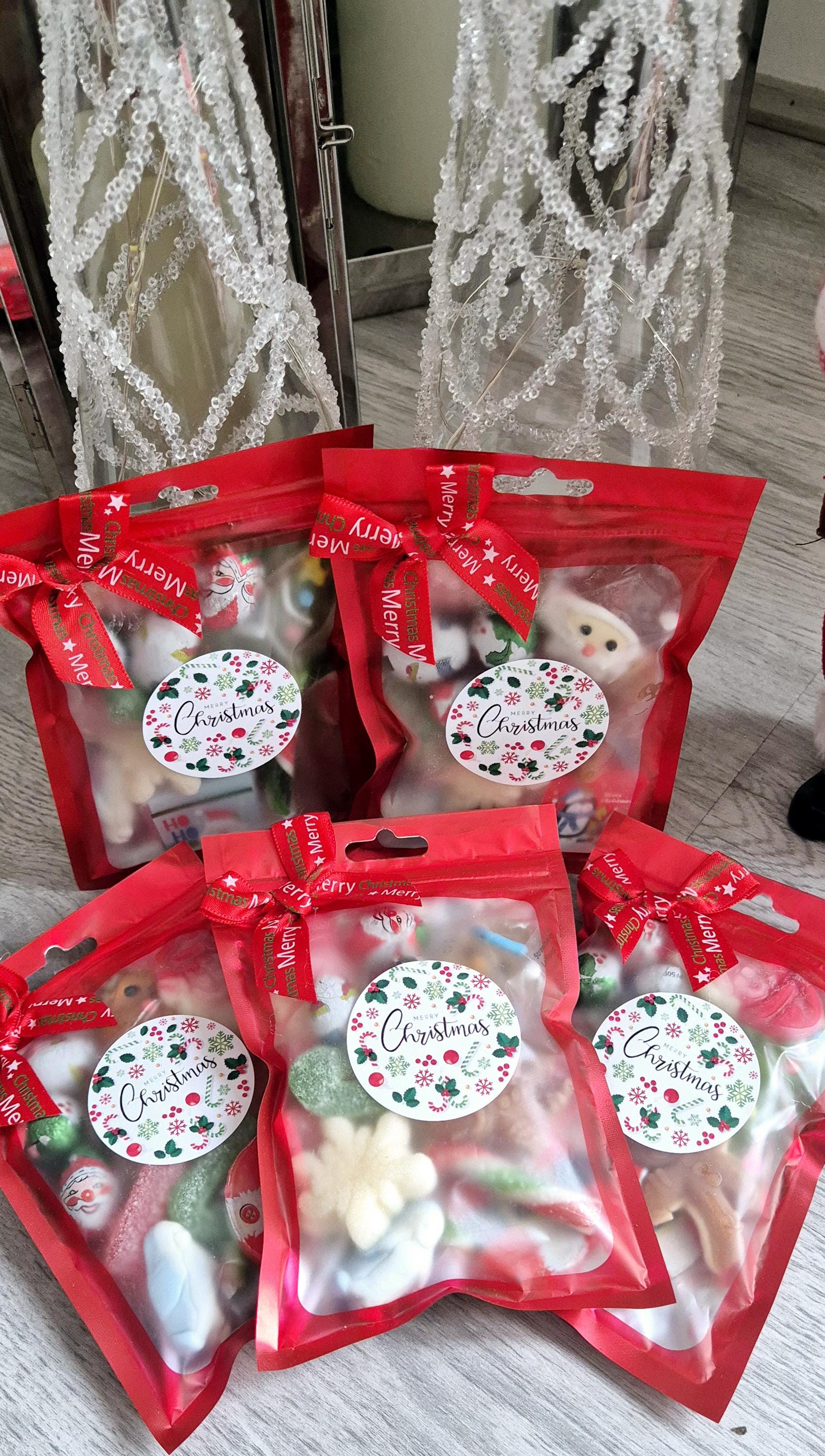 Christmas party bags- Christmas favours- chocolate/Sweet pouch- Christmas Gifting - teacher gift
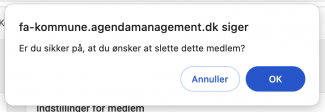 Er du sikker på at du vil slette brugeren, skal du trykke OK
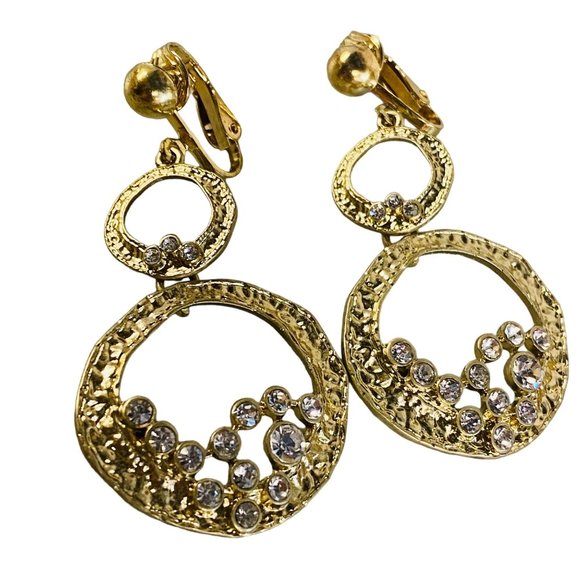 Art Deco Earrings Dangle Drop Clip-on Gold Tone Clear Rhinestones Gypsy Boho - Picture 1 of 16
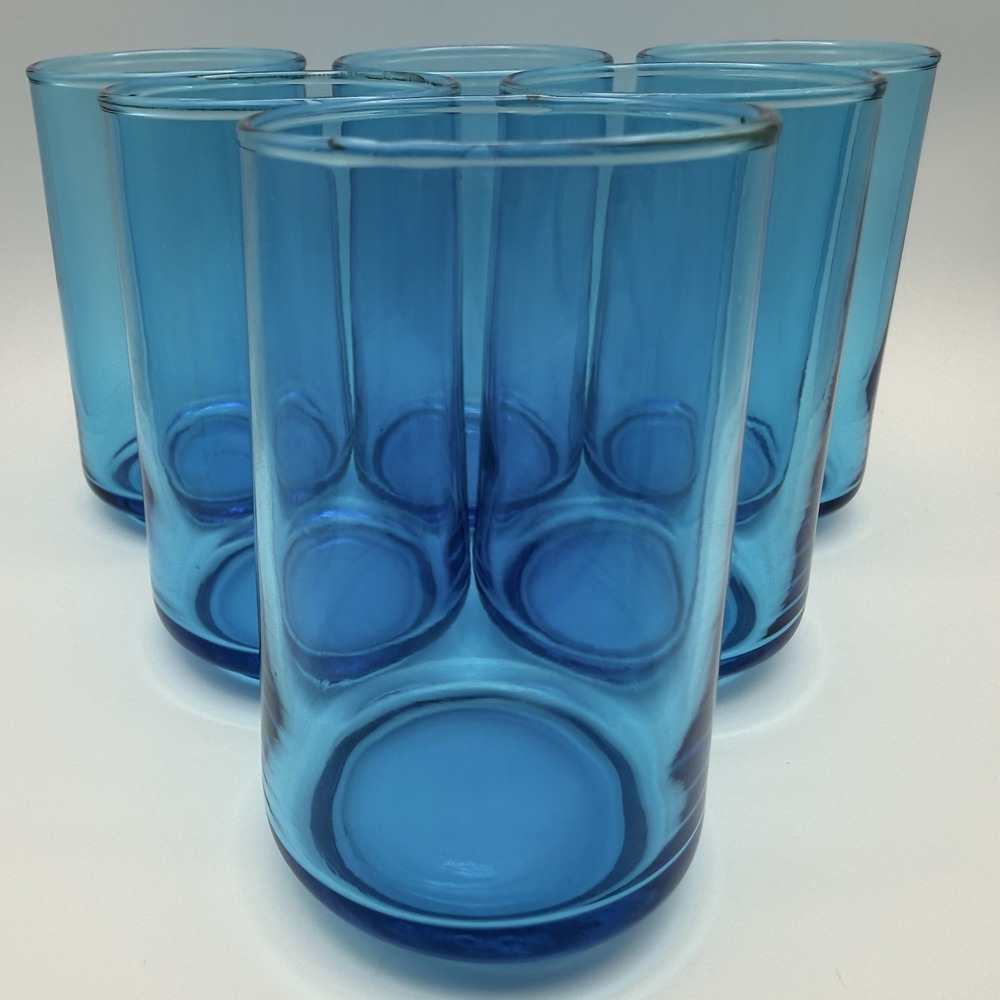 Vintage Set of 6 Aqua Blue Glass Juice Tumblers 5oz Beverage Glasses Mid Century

..............................

• **Exercise goal**: Retype the line containing "Art Deco Earrings" and all lines after it through the end of the material, exactly and only those, leaving out pictures.

• **Task response**:
 Art Deco Earrings Dangle Drop Clip-on Gold Tone Clear Rhinestones Gypsy Boho - Picture 1 of 16
 Vintage Set of 6 Aqua Blue Glass Juice Tumblers 5oz Beverage Glasses Mid Century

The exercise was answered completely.